I am doing my diploma-work next semester in architecture, and the goal is to design a building of choosen function, preferably a function that stand close to us, or have special interest in.

I am thinking of designing an all-around place where one can go for a session of community gaming(be it computer,tabletop or a hybrid), to house competitions and events,a limited shop that sells (gaming)culture-related stuff (mostly 'on order' basis) . I am not thinking of dark rooms with computers and tables and a bar, but a conscious design that is convienent, and tries making gaming in a community a viable option to sitting at home, to make it a different experience.

 

So how would you feel about a place like that in your town,or is it there already?

Do you think many people would be interested in using it?

Any experiences with places like this? (even from older times)

 

My impression is that the time has come when something like this could be sustainable again. Whenever i read about some tabletop game, there are always a handful of commentators wishing they knew enough local buddies to play it with.

Cooperative games and team based games are more popular than ever, but no headset is the same as yelling at each other in the same room.

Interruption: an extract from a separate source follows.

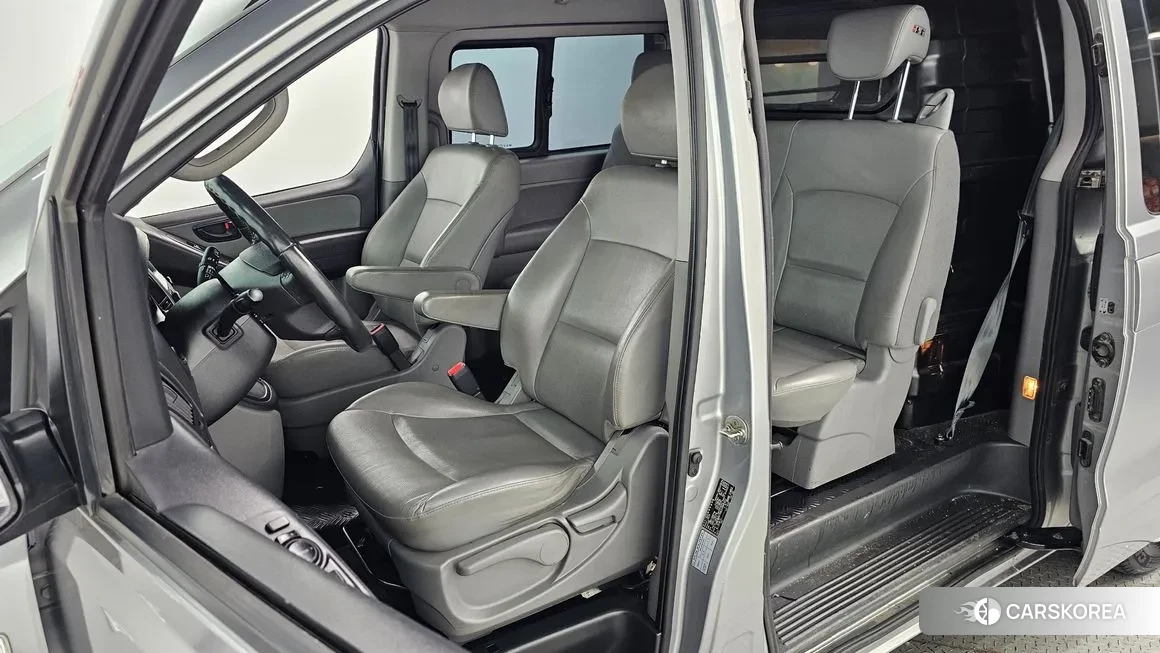 Hyundai The New Grand Starex id 1986093 из Кореи 20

Cloud gaming, steam and other online services makes your own content and data accessible.

I've heard friends who complained that they are bored of their social activities generally consisting of getting drunk.That they wish they could go somewhere that interest them, yet makes it possible to be in a close personal community.

 

So , do you think the need for places like that is a real need, the lack of them a problem,

or has time passed over this concept and its all about mobilephones and online activities now?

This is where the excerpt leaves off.